What was the highlight for you doing the books?
There were so, so many. For real! I am thankful and blessed for the whole journey and where it will continue to take me. The highlight would be the connections made and friendships forged. Hearing all of the stories from everyone was mind blowing. I was really thankful that I got to spend some extended periods of time with some of the interviewees. Also, another highlight was getting to spend a lot of time with my niece, Leasha who I did the layout design with. She’s one of my best friends. All the people that have reached out and connected with me because of the project has also meant so much to me. It may sound a little corny but it’s just a project that keeps on giving and keeps on unfolding. I’m excited to see what happens next.
Is there anyone you wish you could have had in the books not there?
No not really, the people that were meant to be in the book are. There were a few people I approached that declined to have a conversation on the subject. Spirituality is a very personal thing and not everyone wants to talk about their beliefs which I respect. One guy had me pay him for an interview! I’ve spoken to Mike Muir about spirituality and I wish I could have included that but he choose not to be a part of it. As a rule he chooses not to be a part of ‘punk’ related projects/books/docos. There were a few instances too where artists managers were super rude to me, not returning calls as promised, hanging up on me etc. One artist’s manager declined for the artist and then at a later date I interviewed the artist and asked them myself and they hadn’t heard about my request at all (and were pretty pissed they weren’t told). There are a lot of bogus managers and self-important PR people out there… luckily there are many, many more lovely ones too. Thank goodness.

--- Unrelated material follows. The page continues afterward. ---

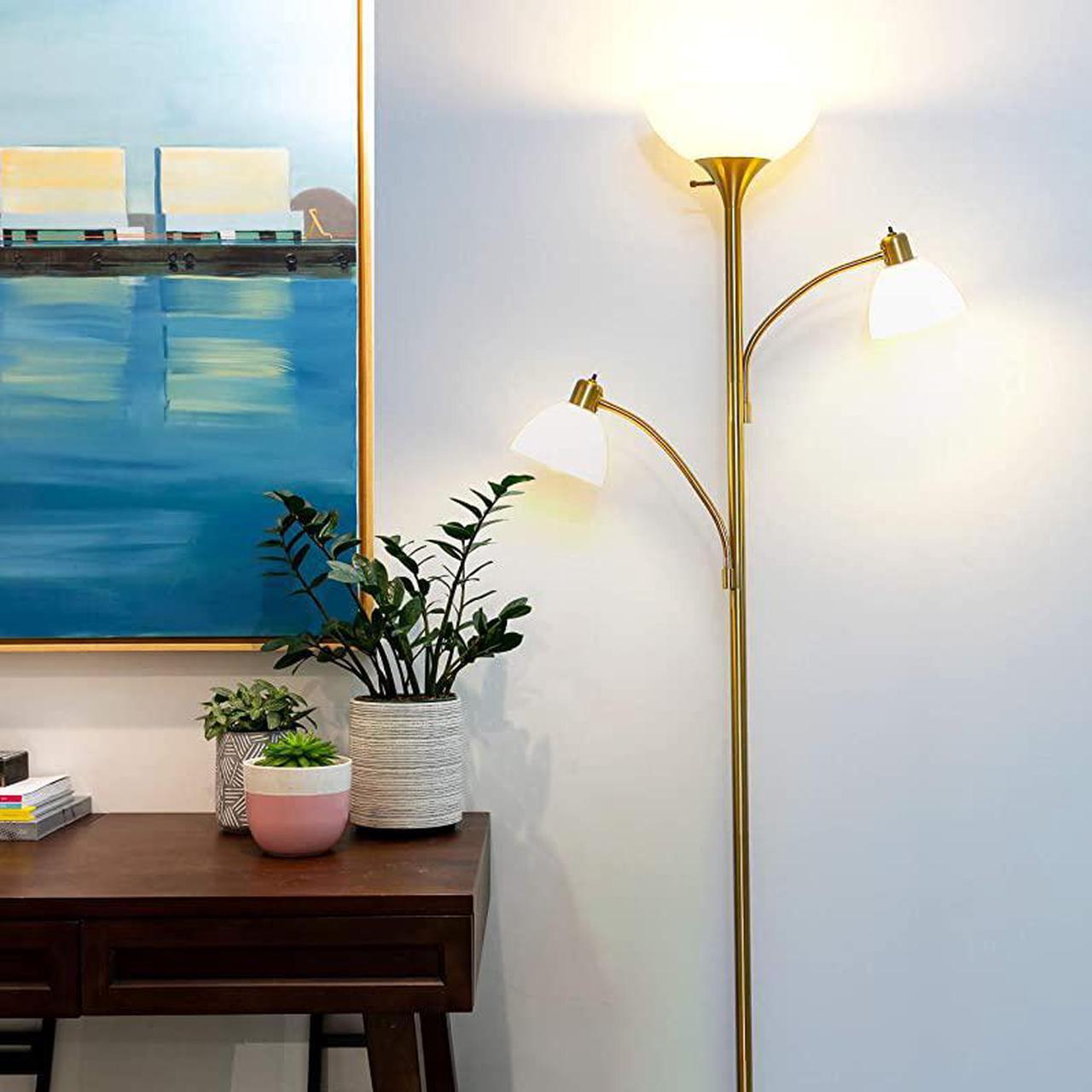 Alt view image 5 of 7 - Sky Dome Double High Brightness Torchiere Floor Lamp with 2 Reading Lights for Living Rooms Bedrooms Replace Halogen Standing Lamps with Efficient LED Office Lighting Tall Black Pole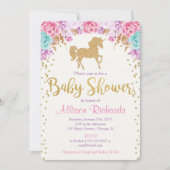 Unicorn baby shower invitation pink and gold (Front)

Are there any bands from Queensland you absolutely love (past or present)?
Yes, many! I adore (in no particular order): Blister, Hobo Obituaries (plus Jhonny’s solo stuff is AMAZING and Hobo DJs), the Death Set (originally form the Gold Coast), Pangaea, Dick Nasty, Knaw, Operator Please, Against, Felinedown, Mad Occupants, Reichelt, Mouthguard, the Greys (and Mark Duckworth solo work), Bantha Fodder, A Secret Death, Blowhard. Fur from the Gold Coast is one of my all-time favourite bands. I loved and was affiliated with the Gold Coast punk community for a long while so bands like Vicious and the Freuds will always have a place in my heart. I know I have forgotten a whole lot, sorry guys!
If you could ask the one question what would it be?
What does love mean to you?
Where to from here?
More creativity, more zines, more blogging, more writing, more interviewing, more music, more art, more magic all the time! I’ve got my Hip Hop Insight project underway. I’ve already spoken to twelve people in the hip hop world for that. It’s similar to Conversations With Punx but I’m talking to hip hoppers. Plus I’m working on music projects and several other exciting things that I can’t reveal just yet. I eventually want to become involved in a lot more ‘cause’ related work. My pal Heidi Minx has a really great D-I-Y approach to helping the world with her Built On Respect project–she inspires me greatly. I love surrounding myself with good people doing positive, constructive, creative things. My biggest inspiration is my Jhonny, he is an artist and musician. He has taught me so much about creativity and inspires me to be better and do better every single day. In all my travels I’ve never met another person like him, he is very dear to me. I’d really love to start my own print magazine again… you never know, anything is possible!